By photographing individual shrimps, we found that redness increased with depth of capture. This is in accordance with the predictions of Foxton (Foxton, 1970) and Herring and Roe (Herring and Roe, 1988) pointing out that by having large chromatophores and hence the ability to have a variable level of colouration, Sergestes should optimize its cryptic colouration to depth and time. Yet, such patterns have until now not been objectively documented for these shrimps. To be inconspicuous, Sergestes has internal photophores (light organs) functioning in countershading. Their downward-directed bioluminescence has a spectral emission (Widder ), angular distribution (Latz and Case, 1982) and irradiance (Warner ), all consistent with a camouflage function. The ability of the shrimp to alter body colouration provides yet another way to adapt to the prevailing light regime.

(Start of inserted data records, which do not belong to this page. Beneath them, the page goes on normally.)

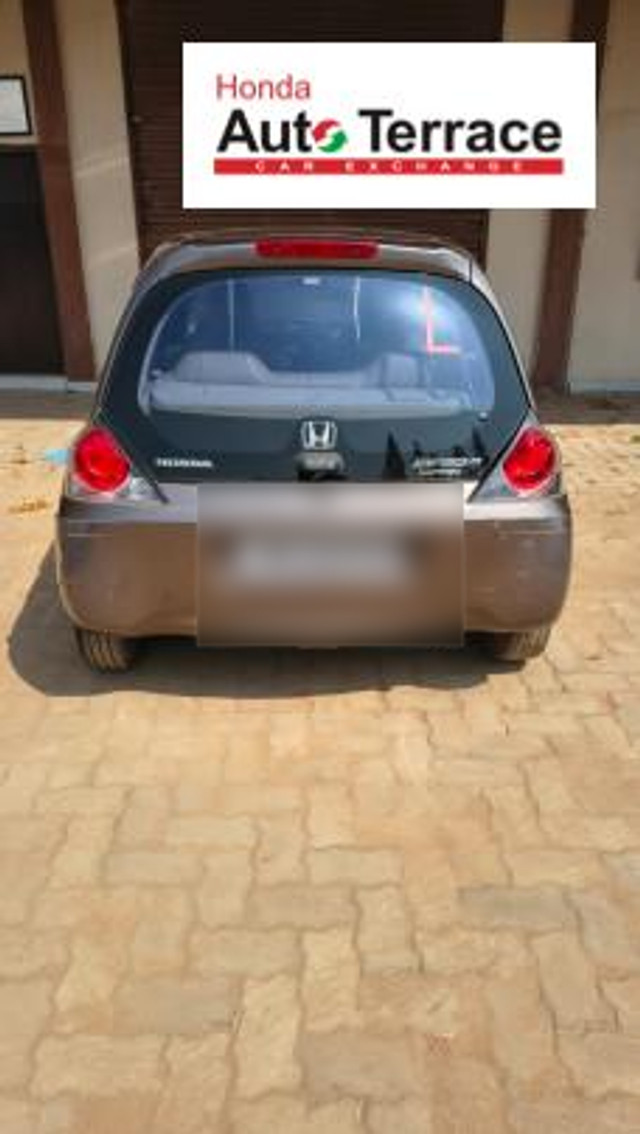 Second-hand 2012 Honda Brio S MT for sale in Bhubaneswar-5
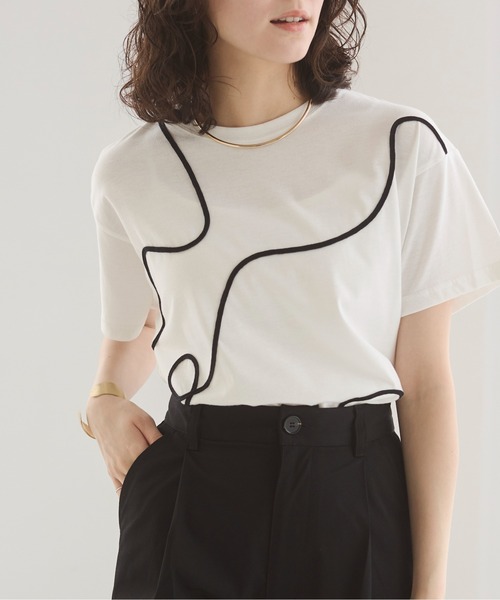 ANGIE(アンジー)の「コード刺繍 デザイン Tシャツ (半袖)(Tシャツ/カットソー・レディース・オフホワイト/ブラウン/ダークグレー・FREE)」の21枚目の写真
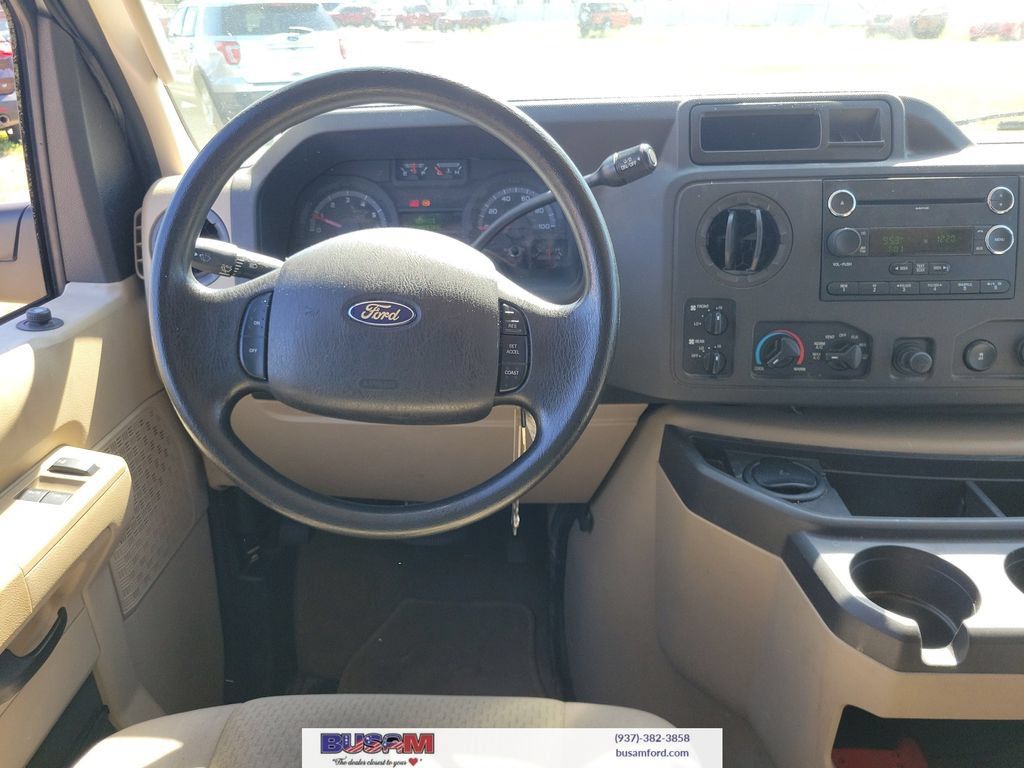 Used 2009 Ford E-350 and Econoline 350 XLT RWD image 12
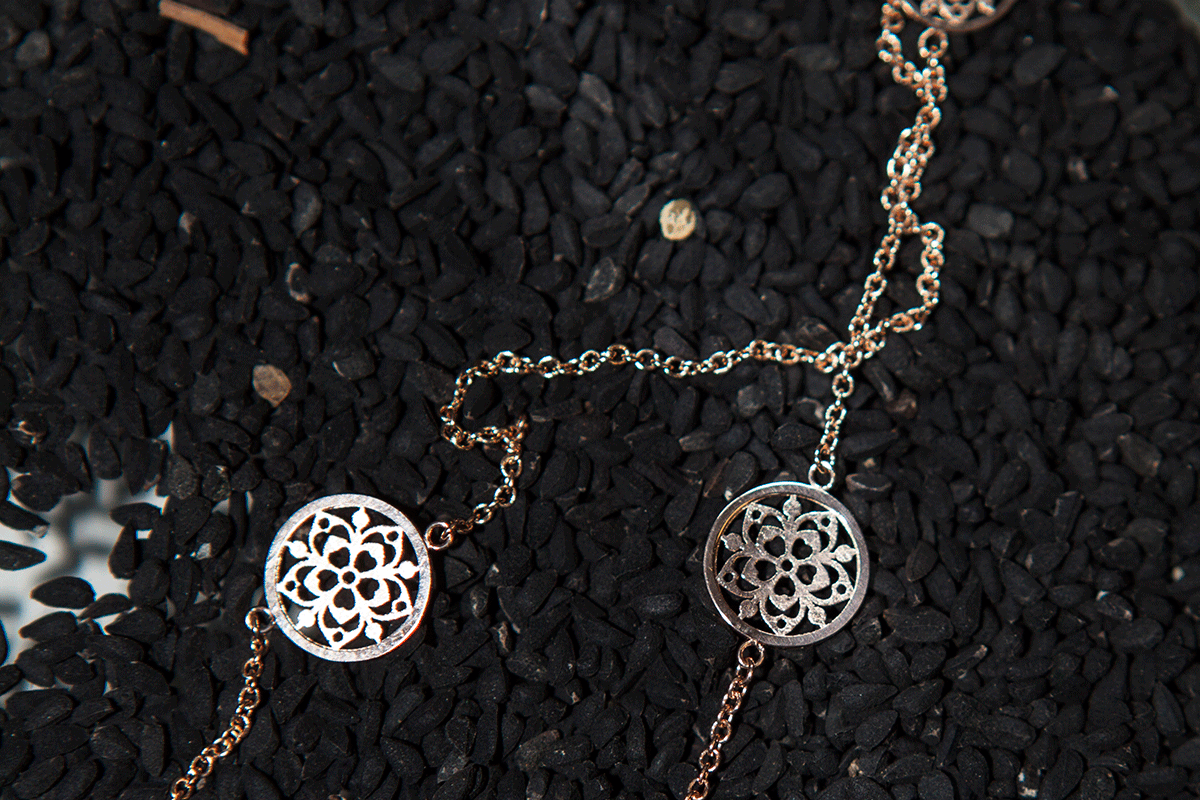  Necklaces from the Anis Flower collection 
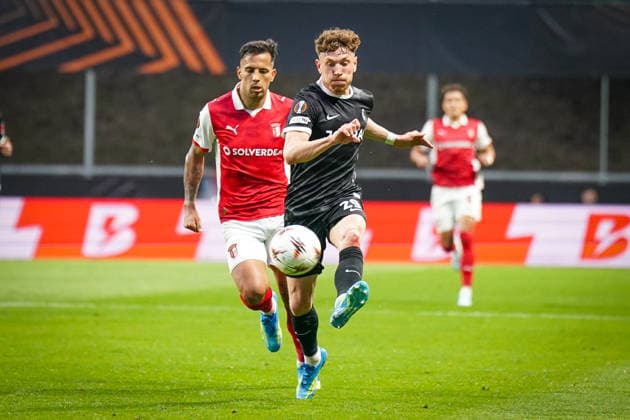 Portugal: Fussball Europa League 2025 - 2026, Halbfinale - Sporting Braga vs SC Freiburg - Estadio Municipal de Braga (POR): Philipp Treu (SC Freiburg, 29) am Ball Copyright: xJOERANxSTEINSIEKx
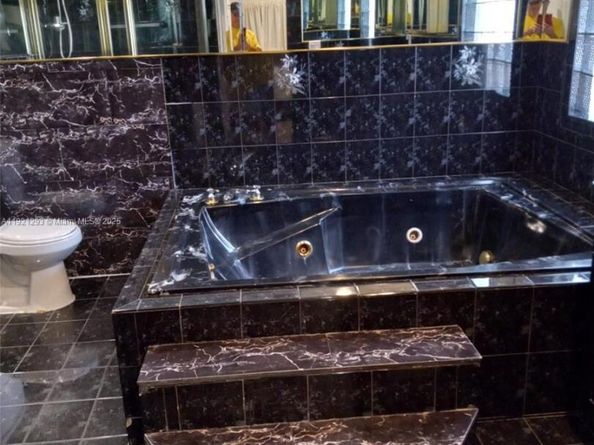 3041 NW 95th Ter, Miami FL 33147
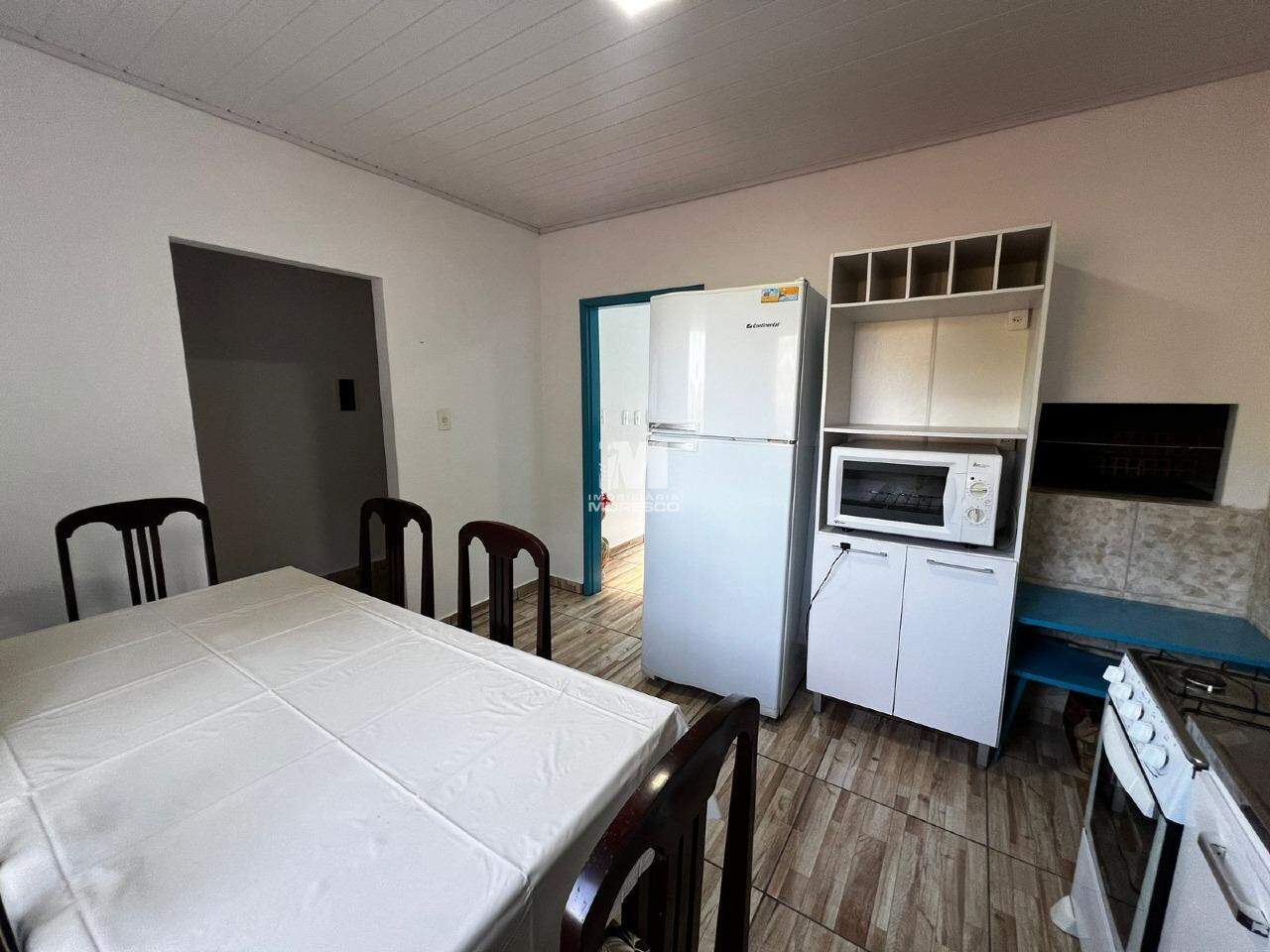 Casa para aluguel no bairro Azambuja:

Variance in redness also increased with depth. Furthermore, during daytime, individuals caught above 100 m were significantly less red than those found below 200 m. However, at night-time only individuals found below 300 m had significantly higher mean redness than those caught higher in the water column. One possible explanation of why several low-coloured individuals were found in mid-waters at night is that these individuals had just arrived from a visit to upper layers and had not yet adjusted their colouration to the light regime at the depth of capture. Another possibility could be that they were late migrators or even or return migrators from an earlier feeding during this night, which were pre-adjusted to light conditions in the upper waters. This could be tested in future studies with more comprehensive analyses of stomach contents.

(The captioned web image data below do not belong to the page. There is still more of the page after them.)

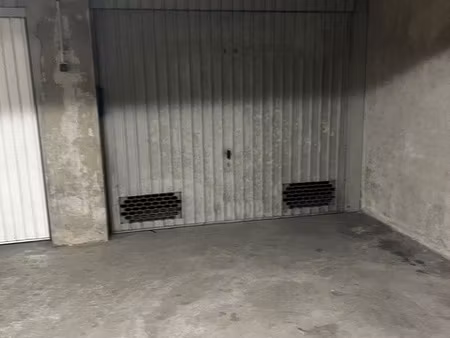 garage à louer dans résidence orleans proche gare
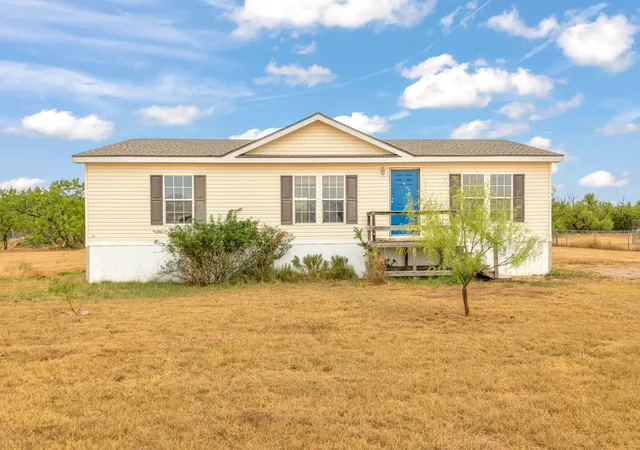 Photo 2 of Manufactured home for sale at 1309 Warren St, Buffalo Gap, TX 79508 | MLS# 21399448 | Listing updated on 2026-10-04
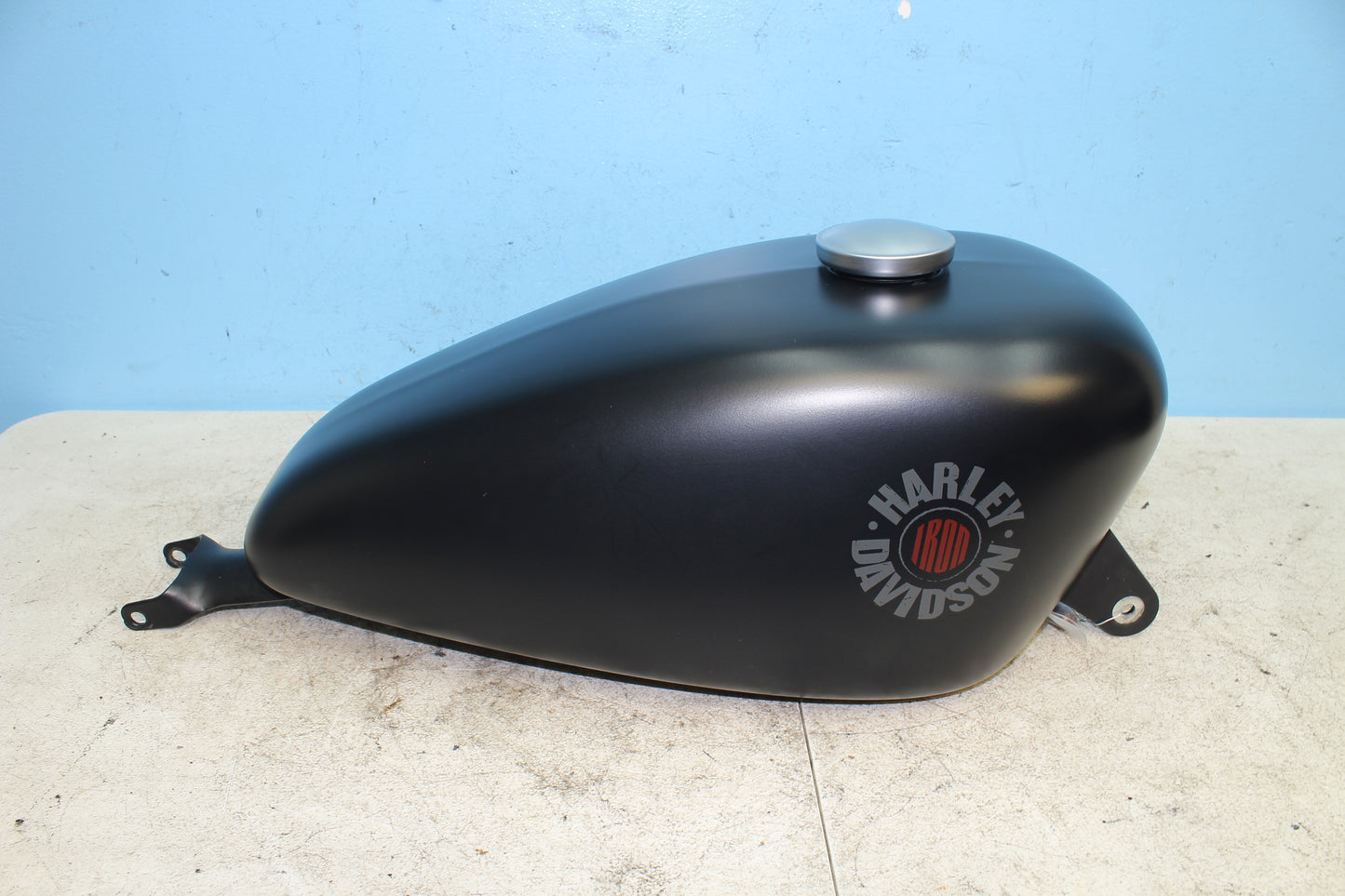 2014-2022 Harley Davidson Sportster 883 OEM Gas Fuel Tank 61000701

Very few individuals captured during the day had visible gut contents, while this proportion increased markedly already early at night. That feeding mainly seemed to take place at night has also been reported for other vertically migrating species of Sergestes [S. lucens (Omori and Gluck, 1979), S. similis (Judkins and Fleminger, 1972)]. The WP2 net samples also showed that number of copepods (i.e. potential prey) was by far highest in the upper 50 m. We only have daytime zooplankton samples, and night-time samples might have shown an even higher proportion of prey in upper waters. We believe that the upward vertical migrations in Sergestes most likely were hunger-driven. The hunger/satiation hypothesis (see Pearre, 2003) predicts that animals should make short intermittent forays into surface waters where there is high food concentration, but also an increased risk of predation, and then return to intermediate depths to reduce risks they digest. Our results are consistent with this prediction.

FUNDING

This study was supported by the Norwegian Research Council.